Auch bei islamistischen Terroranschlägen sollen Attentäter bereits auf diese Weise mit Mordwaffen ausgestattet worden sein. Insbesondere ein Fall aus Frankreich weist erstaunliche Parallelen zum Fall Vlatko V. auf. Im April 2015 nahmen französische Polizisten den Algerier Sid Ahmed Ghlam fest. Er war mit einer Schussverletzung auf der Straße gefunden worden. Offenbar hatte sich der Islamist aus Versehen mit einer Kalaschnikow selbst in die Hüfte geschossen. Ghlam soll geplant haben, im Auftrag der Terrormiliz Islamischer Staat (IS) ein Attentat in einer Kirche in Villejuif bei Paris zu verüben.
Im Verhör gab Ghlam zu Protokoll, dass er in Syrien vom Belgier Abdelhamid Abaaoud, dem Kopf des späteren Terrorkommandos von Paris, für seinen Anschlag instruiert worden sei. Der IS-Terrorist habe ihn mit Geld ausgestattet, so Ghlam, und habe ihm versichert, dass für die Logistik des geplanten Attentats gesorgt sei. Abaaoud habe ihm außerdem eine französische Adresse genannt, die er sich nicht notieren durfte, sondern stattdessen auswendig lernte: Es war die Adresse eines Parkplatzes in Paris.

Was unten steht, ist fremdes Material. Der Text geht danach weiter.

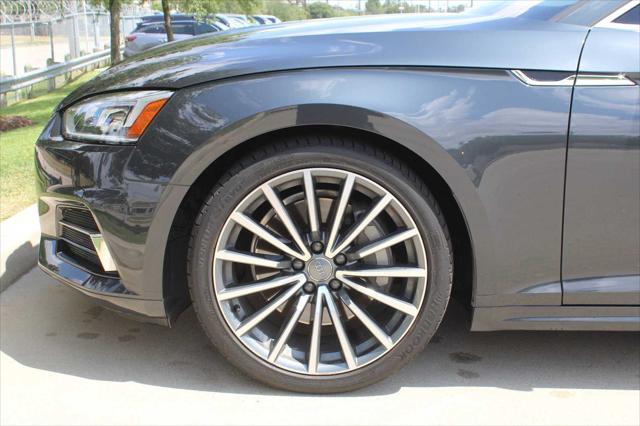 used 2018 Audi A5 car, priced at $24,991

Wusste Vlatko V., für wen er Waffen schmuggelte?
Dort fand Sid Ahmed Ghlam an einem verabredeten Tag einen Renault Mégane. Auf einem Reifen des Wagens lag der Autoschlüssel. Ghlam berichtete den Ermittlern, dass er im Kofferraum gleich mehrere Kalaschnikow-Sturmgewehre samt Munition und kugelsichere Westen fand. Offenbar hatte Abdelhamid Abaaoud die Waffenlieferung organisiert. War Vlatko V. also auch damit beauftragt worden, sein Auto auf einem Pariser Parkplatz abzustellen und so islamistische Terroristen mit Waffen zu versorgen? War er damit – vermutlich unwissentlich – Teil einer terroristischen Infrastruktur des IS?
Die deutschen Ermittler glauben, dass Vlatko V. als Kurier fungierte und wohl selbst nicht wusste, für wen oder für welchen Zweck die Waffen und der Sprengstoff gedacht waren. Die Hintermänner, sprich seine Auftraggeber, soll V. zumindest gekannt haben. Laut Anklage soll er mindestens 2000 Euro für seine Fahrdienste bekommen haben
Das Bundeskriminalamt hat die Waffen und den TNT-Sprengstoff begutachtet. Das Ergebnis: Das Material stammt mit hoher Wahrscheinlichkeit aus Armee- und Polizeibeständen der Staaten des ehemaligen Jugoslawien. Und es war voll funktionsfähig. Vlatko V. wurde eine Woche vor den Paris-Anschlägen aufgegriffen. Falls die tödliche Lieferung in seinem Mietwagen tatsächlich für die Attentäter bestimmt gewesen war, dann hatten die Terroristen erstaunlich schnell für Ersatz gesorgt.
Für den Prozess gegen den mutmaßlichen Waffenschmuggler sind drei Verhandlungstage angesetzt.